I have a dataset, let's call it "ORIGINALE", composed by several different rows for only two columns, the first called "DESCRIPTION" and the second "CODICE". The description column has the right information while the column codice, which is the key, is almost always empty, therefore I'm tryng to search for the corresponding codice in another dataset, let's call it "REFERENCE". I am using the column desciption, which is in natural language, and trying to match it with the description in the second dataset. I have to match word by word since there may be a different order of words, synonims or abbreviations. Then I calcolate the similarity score to keep only the best match and accept those above a certain score. Is there a way to improve it? I'm working with around 300000 rows and, even though I know is always going to take time, perhaps there could be a way to make it even just slightly faster.

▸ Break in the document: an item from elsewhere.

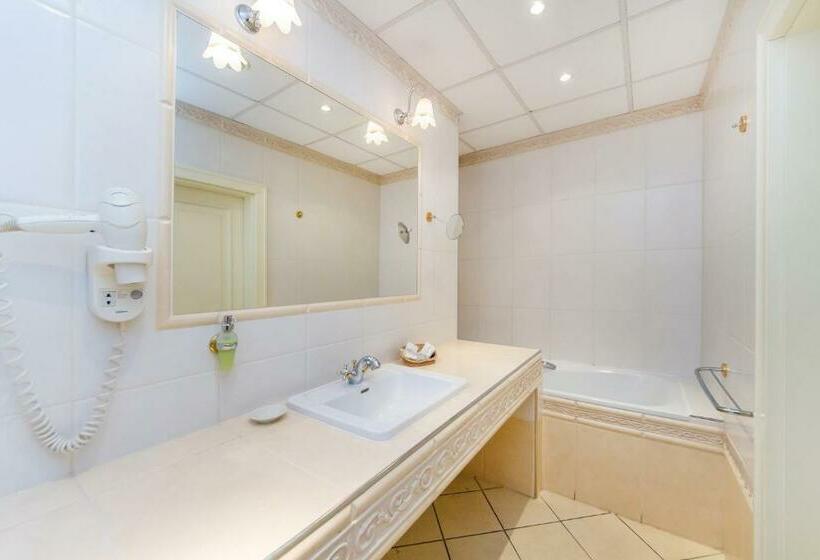 Fotos del hotel U Jezulatka:  10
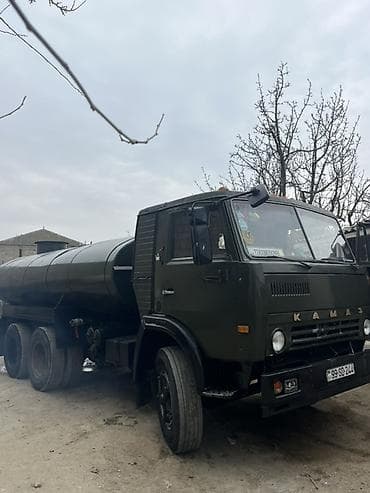 mitsubishi ustası: 💧 KAMAZ İLƏ SU SİFARİŞİ 💧 🚛 Bakı və ətraf rayonlara su daşınması 🏗 — 3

ORIGINALE <- data.frame(DESCRIPTION = c("mr peter 123 rose street 3b LA"," 4c flower str jenny jane Chicago", "washington miss sarah 430f name strt"), CODICE = (NA, NA, NA))
REFERENE <- dataframe (DESCRIPTION = c("sarah brown name street 430f washington", "peter green 123 rose street 3b LA", "jenny jane flower street 4c Chicago"), CODICE = c("135tg67","aw56", "83776250"))
algoritmo <- function(ORIGINALE, REFERENCE) {
split1 <- strsplit(x$DESCRIPTION, " ")
split2 <- strsplit(y$DESCRIPTION, " ")
risultato <- vector()
distanza <- vector()
for(i in 1:NROW(split1)) {
best_dist <- -5
closest_match <- -5
for(j in 1:NROW(split2)) {
dist <- stringsim(as.character(split1[i]), as.character(split2[j]))
if (dist > best_dist) {
closest_match <- y$DESCRIPTION[j]
best_dist <- dist
}
}
distanza <- append(distanza, best_dist)
risultato <- append(risultato, closest_match)
}
confronto <<- tibble(x$DESCRIPTION, risultato, distanza)
}
match <- subset.data.frame(confronto, confronto$distanza >= "0.6")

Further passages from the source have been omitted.